Most experts are wondering how a country that boast of Africa’s largest proven gas reserves of 203 trillion cubic feet and 600tcf unproven gas reserves still struggling with a shortage of gas for domestic use.
Other stakeholders say the breakdown of power plants as a result of gas shortage is a perennial challenge bedeviling the Nigerian Electricity Supply Industry (NESI), even as financial liquidity cripples the ability of power generation companies to fund government-controlled gas pricing systems.
The electricity distribution companies (Discos) are finding it hard to collect significant revenue for energy distributed to customers.

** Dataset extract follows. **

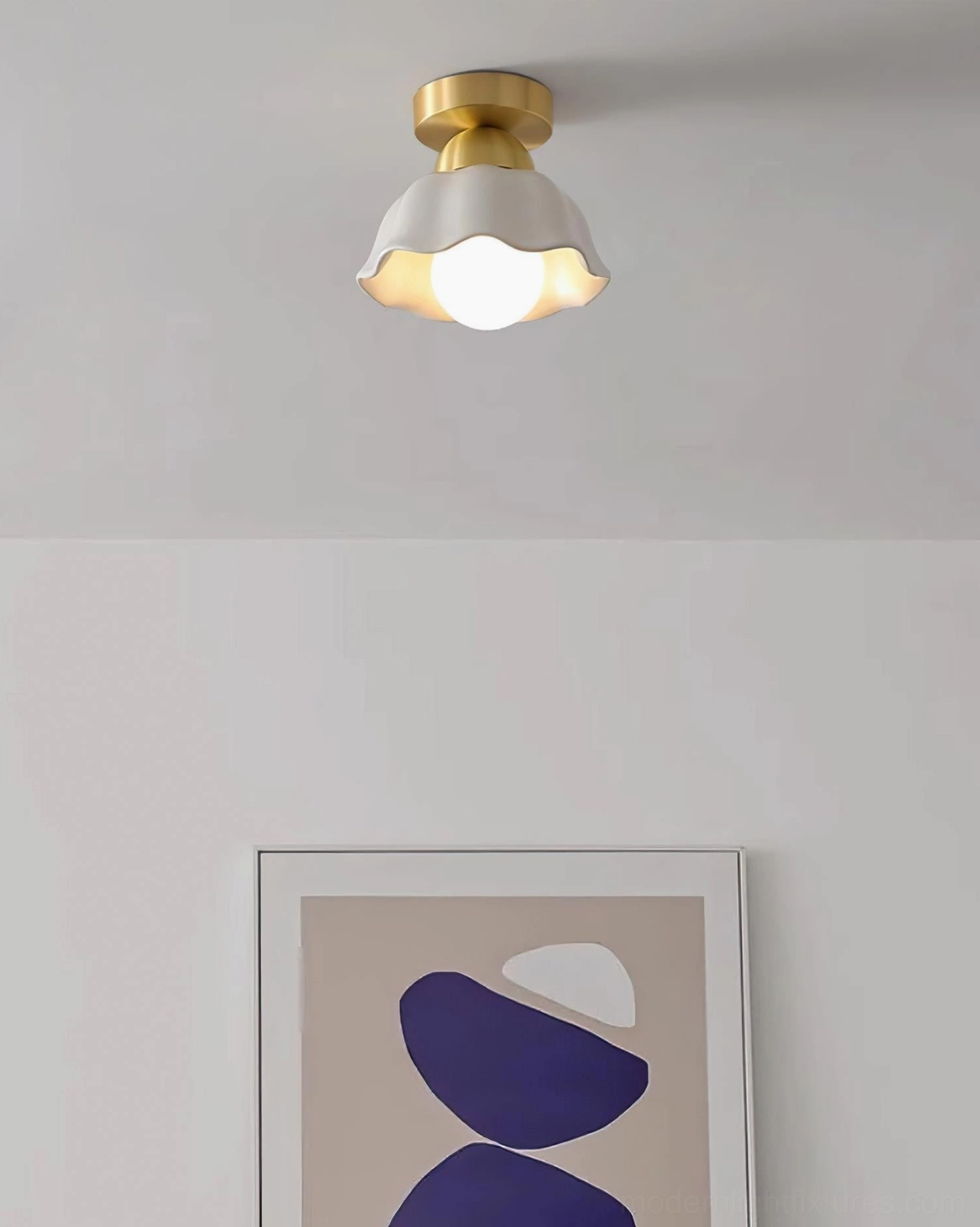 Finley flower-inspired ceiling light illuminated above framed artwork, warm brass and ceramic fixture creating ambient glow in bedroom or hallway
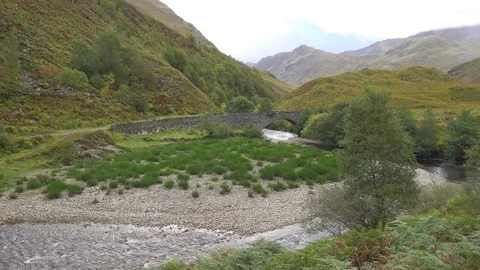 Stone Bridge in a Valley and Small River in Scotland Stock Footage 85242620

This also affects the Discos’ remittance to market operators and Nigerian Bulk Electricity Trading Company (NBET), a body that buys power from the Gencos through power purchase agreements (PPAs) and sells to the Discos through vesting contracts.
As a result of low remittances by the DisCos, NBET too has been unable to meet its obligations to GenCos. The ripple effect means GenCos too will be unable to pay gas suppliers. A key operational and financial data of the industry indicate that between January 2019 and September 2020, NBET had a payment shortfall of N865 billion to GenCos.
“It’s impossible to talk about a decade of gas without talking about fixing Nigeria’s power, which consumes about 70 percent of the domestic market,” Yusuf Usman, chief operating officer (Gas & Power) at Nigerian National Petroleum Corporation, said at 2021 Nigeria International Petroleum Summit (NIPS).
According to Usman, Nigeria needs to have a liberalised market system that will create the right environment for a more efficient price system.
“Any power that is not paid for by the consumer is paid by the government who is already overburdened with fixing infrastructural challenges,” Usman said.
The Oil Producers Trade Section, comprising international and local operators in the Nigerian oil and gas industry, has also raised issues concerning unpaid gas invoices in the power sector, which it says is a major challenge.
In its presentation at the international conference of the Nigeria Gas Association, the OPTS said, “We must of necessity repay all outstanding gas invoice arrears. Some companies are being owed as far back as 2015-2016. This is not sustainable; we must be able to get assurance that when we produce the gas, we will get paid for it.
“So, we must quickly settle all outstanding debts and make sure that we establish bankable credit support that will make the gas business grow so that investors can develop more gas resources.”
Speaking at a day public hearing organised by the House of Representatives joint committee on gas and petroleum resources last month, Mele Kyari, group managing director of the NNPC, said investors need clarity on fiscal terms before they can invest in gas development projects across the country.
“The PSC simply says the parties can sit down and agree on a framework for monetising the gas on terms that are mutually acceptable,” the NNPC GMD told the lawmakers.
Over time, gas producers have been cautious of investing in gas infrastructure in the country as a result of low gas prices and lack of assurance or guarantee of payment from the GenCos. Hence, the process for gas supply agreements has been fraught with challenges.
A Gas Sale And Aggregation Agreement (GSAA), which is typically between the GenCo, gas supplier, and the gas aggregation company, stipulates contractual framework, rights, obligations and risk allocation for gas supply to the GenCo.
The most prominent case was the sloppy gas supply deal between Calabar GenCo and Accugas Limited, forcing the Federal Government to keep paying over $10 million monthly with or without gas supply to the plant.